De jongste vroeg of het klopte dat 'wij' Amerikanen gek vonden. Ik werd gered door opa. Die bracht onmiddellijk Trump naar voren. Ik haakte er gretig bij aan. Toen kreeg de vader een telefoontje. Hij polste met een blik razendsnel zijn vrouw, zij knikte, hij nam op en ging op mijn terras zitten bellen. Intussen kocht opa een exemplaar van Waantje en daar moest natuurlijk een opdracht in. In de zitkamer barstten de meisjes in huilen uit. Ze gingen met hun rug naar mij toe op mijn trapje zitten. De moeder in het midden, een arm om elke schouder.
Ik keek naar opa. Ze hadden de hond moeten laten inslapen. Het was zo intens triest dat ik van de weeromstuit meehuilde. Maar opa vond dat blijkbaar niet genoeg. Inmiddels was de familie aan het facetimen met iemand die naast de overledene zat en ik moest van hem gaan kijken. Dat wilde ik niet. Hij bleef aandringen. Uiteindelijk sloop ik op mijn tenen tot achter het gezin, vader zat er nu ook bij, keek naar de labrador die dood op zijn zij lag en sloop weer terug. Niemand had wat gemerkt.
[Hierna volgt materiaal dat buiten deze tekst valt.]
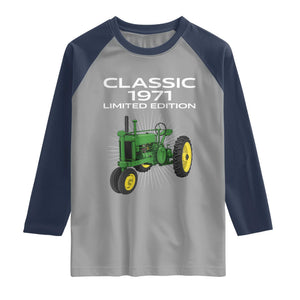 55th Birthday 1971 Limited Edition Classic Farm Tractor Raglan Shirt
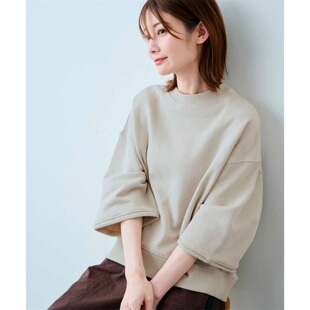 外贸出口日单上衣 有大码 T恤春夏新款 休闲慵懒纯棉毛圈宽松七分袖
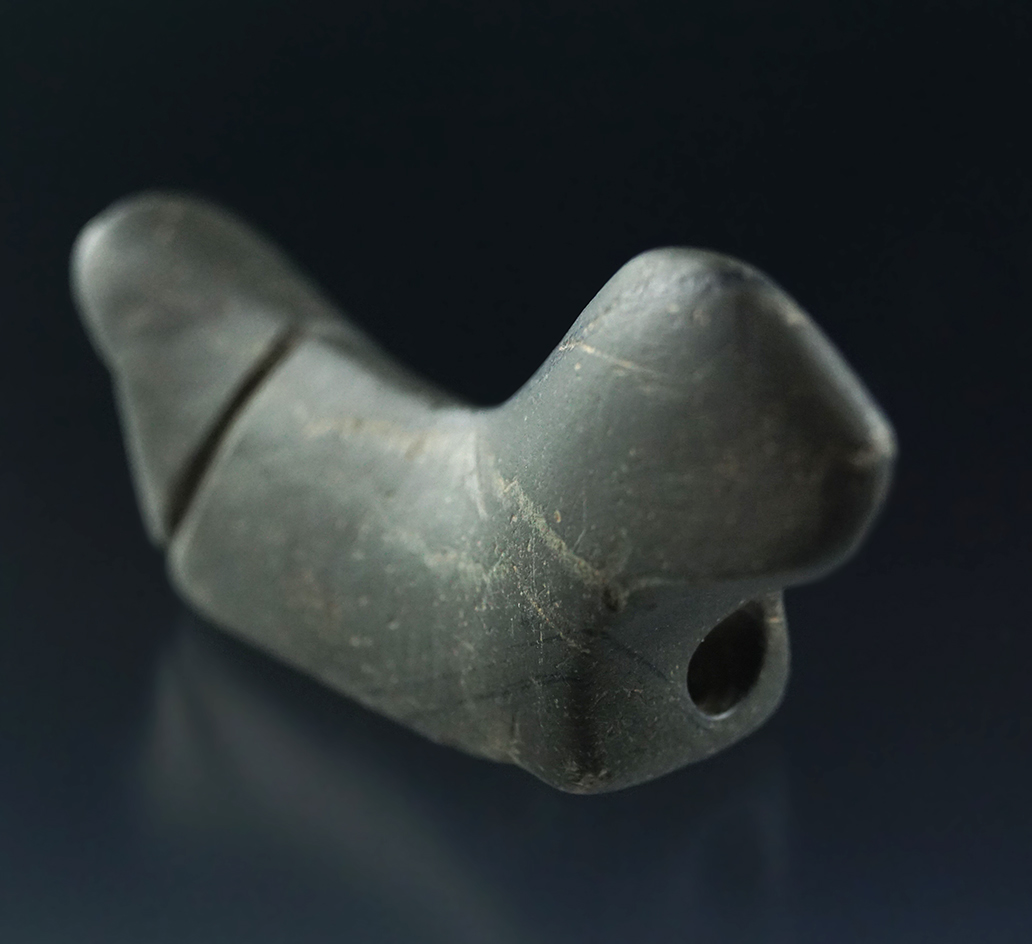 2 13/16" Birdstone - Allen Co., Indiana with tallies on the bottom, salvaged drill holes, tie-on gro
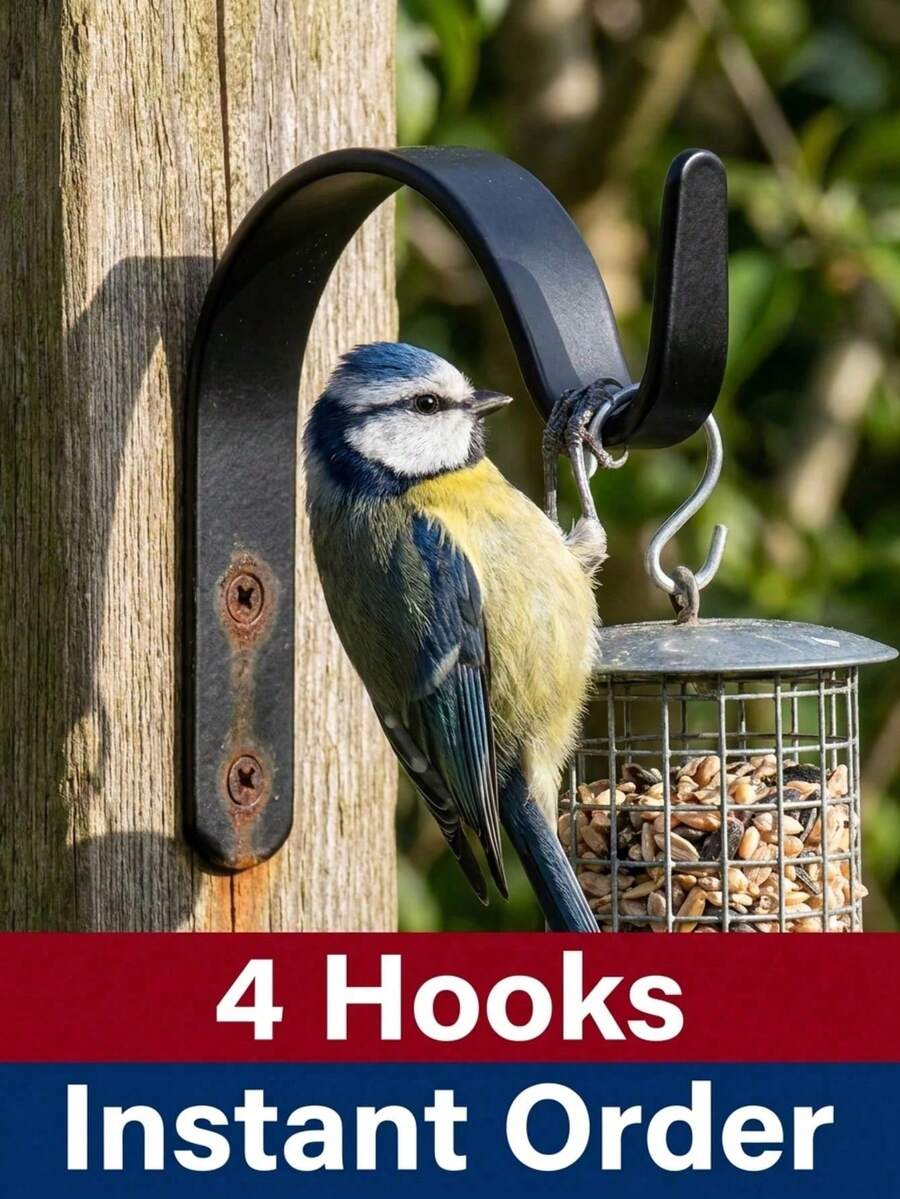1/4/8pcs Black Sturdy Arched Multi-Purpose Iron Hooks, Rust-Resistant Plant Hangers, Suitable For Hanging Wind Chimes, Wall-Mounted Plant Racks, Large Outdoor Planters And Stands, Applicable For July 4th Decor, Gardening Tools, Outdoor Furniture, Outdoor Decor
De meisjes bleven maar huilen, en opa vond het toen opeens een goed idee dat ik de opdracht die ik voor hen had geschreven even zou voorlezen. Ik zei dat ik dacht dat ze daar op dit moment niet op zaten te wachten. Ik liet mijn eigen mening nog even buiten beschouwing. Juist wel, vond hij. Dat zou ze afleiden. Ik moest in het midden van de zitkamer gaan staan en de meisjes voor mij. Ik keek in betraande ogen en fluisterde dat ze anders moesten gaan staan, met hun rug naar de camera toe. We schuifelden een kwartslag. Op het teken van de moeder begon ik. Dat was prima, maar ik moest het ook nog even in het Nederlands doen. Ik draaide de zinnen in de knoop en dacht: ach wat maakt het uit, om onmiddellijk daarna te denken: straks laten ze dit horen aan iemand die Nederlands verstaat en dan klopt er geen hout van, dus ging ik weer mijn best doen om uiteindelijk iets totaal onbegrijpelijks voor te lezen.